What is expected: Write out the material below again, line for line, without any images.

*** Supplied data ***

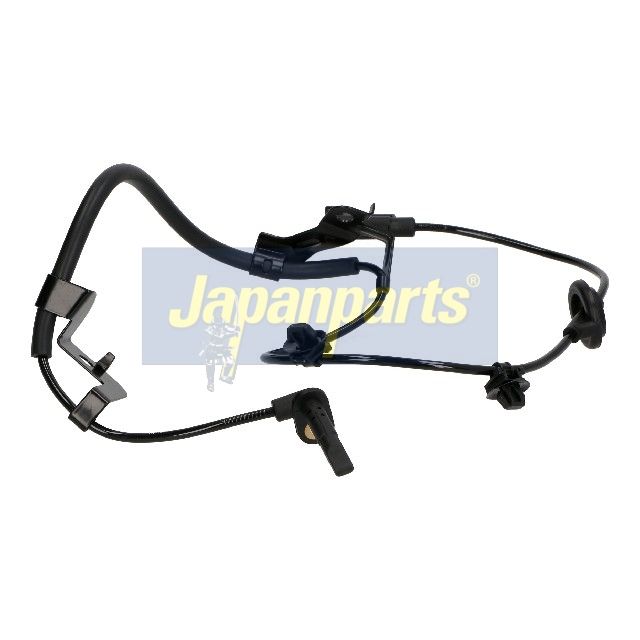 ABS-554 JAPANPARTS Sensore, N° giri ruota 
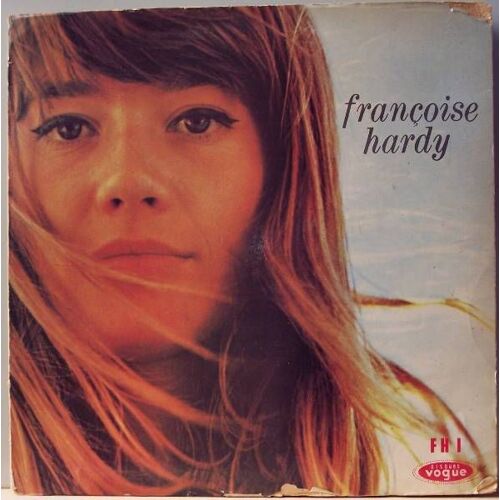 Françoise Hardy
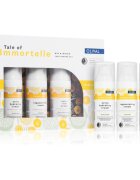 Olival Immortelle подаръчен комплект за красива кожа на лицето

*** End of Supplied data ***

Problem solution:
 ABS-554 JAPANPARTS Sensore, N° giri ruota 
 Françoise Hardy
 Olival Immortelle подаръчен комплект за красива кожа на лицето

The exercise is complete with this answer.